5 Computing in \(U_n\) and RSA cryptography
As well as being interesting just from a pure theoretical standpoint, the group of units \(U_n\) is highly important in a major real-world application of number theory: cryptography – devising codes for securely transmitting secret information.
5.1 Powers mod \(n\)
Suppose we want to compute \(3^{123456789} \bmod 7\) (more precisely: to compute the unique representative in \(\{0, \dots, 6\}\) of its congruence class). How might we do this? One obvious idea would be to compute \(3^{1234\dots}\) as an integer, and then reduce it modulo 7.
This would work, eventually, but it would be a horrendous mess, because \(3^{123456789}\) is huge, with millions of digits. So we need a better approach.
Using the \(\varphi\) function: Since 7 is prime, we know that \(\varphi(7) = 6\); and \(123456789 = 3 \bmod 6,\) so it is \(6q + 3\) for some \(q.\) Since 3 is coprime to 7, we conclude that \[3^{123456789} = 3^{6q + 3} = (3^6)^q \cdot 3^3 = 1^q \cdot 27 = 6 \bmod 7.\]
This algorithm works very well if the modulus \(n\) is small (but the exponent is large), as in the previous example. But if \(n\) is a bit bigger, there are two problems.
Compute \(3^{123456789} \bmod 21311.\)
Here we hit two snags. Firstly, to compute \(\varphi(21311),\) we have to factor 21311 into primes (which is doable on a computer, but takes a while, and would rapidly become impractical for larger moduli). Secondly, even once we’ve computed \(\varphi(21311) = 21000\) and \(123456789 \bmod 21000 = 18797,\) we still have to compute \(3^{18797},\) which has about 9000 digits! So this is clearly not a sensible method.
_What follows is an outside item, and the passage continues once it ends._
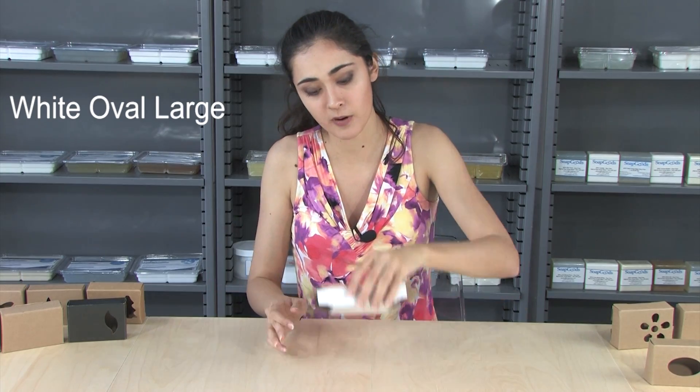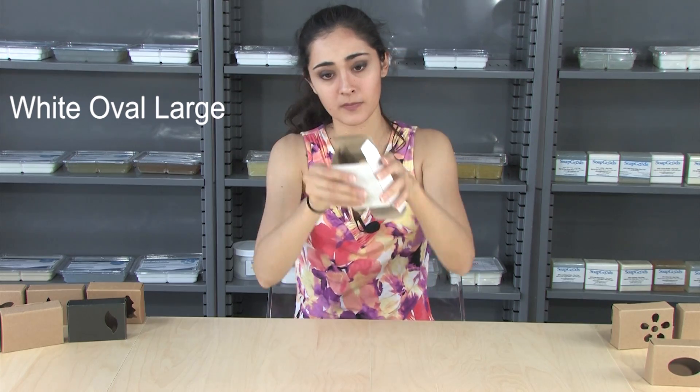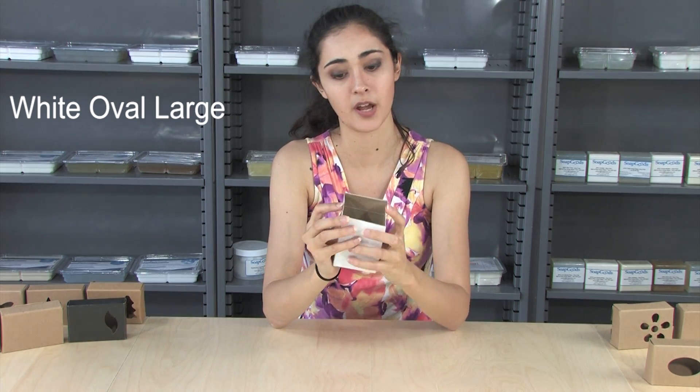This comes flat like this, so then you want to kind of inflate it with your hands, make sure that it comes like that. I'm going to tuck these flaps in like this, and then tuck the lid in. Do the same thing on the other side.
Instead, we’ll use a method called repeated squaring The idea is to write the exponent as a sum of powers of 2, which we can always do; this is just the binary expansion of \(n.\) (This is easy to compute from the base-10 expansion, and if you’re working on a computer, the computer probably converted your input to binary as soon as you entered it.) Now, we can easily make a table of values of \(3^{(2^i)} \bmod 21311\) for small \(i\) by repeated squaring: \[\begin{aligned} 3^{2} &= 3^2 = 9\\ 3^{4} &= 9^2 = 81\\ 3^{8} &= 81^2 = 6561\\ 3^{16} &= 6561^2 = 19812\\ 3^{32} &= 19812^2 = 9346\\ 3^{64} &= 9346^2 = 15238\\ &\vdots \end{aligned}\] Because we reduce modulo \(n = 21311\) after every squaring step, we never have to deal with integers bigger than \(n^2,\) so the computations are manageable. Once we have computed a table of \(3^{(2^i)}\) for all \(i\) up to 26, we can use the formula \[123456789 = 2^{26} + 2^{25} + 2^{24} + 2^{22} + \dots + 2^2 + 1,\] to compute \(3^{123456789} = 20878 \bmod 21311.\)
There’s nothing very special about \(U_n\) here: if \(G\) is a finite group, and you have a practical way of representing elements of \(G\) on a computer and calculating the group operation, then you can use repeated squaring to efficiently compute \(g^n\) for any \(g \in G\) and \(n \in \mathbb{N}.\)
5.2 Polynomial vs. exponential time
To formalise the ideas of “hard to compute” versus “easy to compute”, we use the notion of polynomial-time and exponential-time algorithms. These compare the number of steps needed for some computational method, as a function of the length of the input (the amount of space required to write it down) – e.g. the number of decimal (or binary) digits needed to write down an integer. We say some algorithm is polynomial-time if the number of steps required, for input of length \(N,\) is bounded above by a constant multiple of \(N^k\) for some constant \(k.\) Similarly, if it’s bounded above by a constant multiple of \(C^N\) for some \(C,\) we say it’s exponential-time. Since exponentials grow much faster than polynomials, any polynomial-time algorithm will eventually beat any exponential-time one.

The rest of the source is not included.